## MATERIAL FOR THIS TASK
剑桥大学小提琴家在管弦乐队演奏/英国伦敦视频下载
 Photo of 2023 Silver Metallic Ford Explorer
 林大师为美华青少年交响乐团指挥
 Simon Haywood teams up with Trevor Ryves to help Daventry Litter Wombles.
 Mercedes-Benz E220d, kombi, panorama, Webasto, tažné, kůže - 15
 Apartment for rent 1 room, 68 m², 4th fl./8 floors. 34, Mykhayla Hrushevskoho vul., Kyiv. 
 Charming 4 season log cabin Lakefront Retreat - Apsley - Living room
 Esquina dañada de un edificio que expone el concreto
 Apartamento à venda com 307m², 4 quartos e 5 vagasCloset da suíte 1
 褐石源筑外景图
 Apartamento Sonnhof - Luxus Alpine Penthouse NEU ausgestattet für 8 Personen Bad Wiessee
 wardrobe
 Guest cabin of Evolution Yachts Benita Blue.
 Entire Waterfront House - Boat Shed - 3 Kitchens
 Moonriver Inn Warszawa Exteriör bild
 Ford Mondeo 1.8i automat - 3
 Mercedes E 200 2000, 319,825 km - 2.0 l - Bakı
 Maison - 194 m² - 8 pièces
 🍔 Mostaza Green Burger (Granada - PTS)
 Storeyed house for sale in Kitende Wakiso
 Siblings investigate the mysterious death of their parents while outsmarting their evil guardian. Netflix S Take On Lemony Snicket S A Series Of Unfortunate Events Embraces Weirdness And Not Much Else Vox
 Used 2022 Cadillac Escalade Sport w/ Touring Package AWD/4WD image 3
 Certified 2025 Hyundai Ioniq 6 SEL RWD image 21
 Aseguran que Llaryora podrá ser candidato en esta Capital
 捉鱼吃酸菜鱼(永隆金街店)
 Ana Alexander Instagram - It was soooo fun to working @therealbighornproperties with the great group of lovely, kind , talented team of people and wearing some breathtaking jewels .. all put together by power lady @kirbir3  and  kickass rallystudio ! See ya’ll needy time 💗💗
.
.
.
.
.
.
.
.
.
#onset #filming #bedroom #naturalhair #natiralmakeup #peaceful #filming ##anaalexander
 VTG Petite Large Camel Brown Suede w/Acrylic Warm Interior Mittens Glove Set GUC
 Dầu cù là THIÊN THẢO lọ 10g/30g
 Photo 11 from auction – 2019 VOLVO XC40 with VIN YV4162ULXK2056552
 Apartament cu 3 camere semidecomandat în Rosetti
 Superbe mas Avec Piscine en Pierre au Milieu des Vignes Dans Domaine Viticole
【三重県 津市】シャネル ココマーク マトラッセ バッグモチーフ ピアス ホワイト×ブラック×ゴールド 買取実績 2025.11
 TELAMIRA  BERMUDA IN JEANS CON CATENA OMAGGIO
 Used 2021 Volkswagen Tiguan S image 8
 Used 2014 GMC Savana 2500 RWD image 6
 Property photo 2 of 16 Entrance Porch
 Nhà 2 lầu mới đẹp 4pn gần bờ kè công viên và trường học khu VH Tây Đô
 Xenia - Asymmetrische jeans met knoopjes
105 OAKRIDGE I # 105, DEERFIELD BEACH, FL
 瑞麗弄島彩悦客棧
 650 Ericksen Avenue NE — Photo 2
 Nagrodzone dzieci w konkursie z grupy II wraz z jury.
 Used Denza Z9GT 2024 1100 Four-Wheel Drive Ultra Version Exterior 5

## EXERCISE BRIEF
Each line, beginning at the one that contains "Used 2021 Volkswagen Tiguan S image 8" and continuing through the end of the records, must be written out exactly, first and last included.

## SOLUTION TO THE PROBLEM
 Used 2021 Volkswagen Tiguan S image 8
 Used 2014 GMC Savana 2500 RWD image 6
 Property photo 2 of 16 Entrance Porch
 Nhà 2 lầu mới đẹp 4pn gần bờ kè công viên và trường học khu VH Tây Đô
 Xenia - Asymmetrische jeans met knoopjes
105 OAKRIDGE I # 105, DEERFIELD BEACH, FL
 瑞麗弄島彩悦客棧
 650 Ericksen Avenue NE — Photo 2
 Nagrodzone dzieci w konkursie z grupy II wraz z jury.
 Used Denza Z9GT 2024 1100 Four-Wheel Drive Ultra Version Exterior 5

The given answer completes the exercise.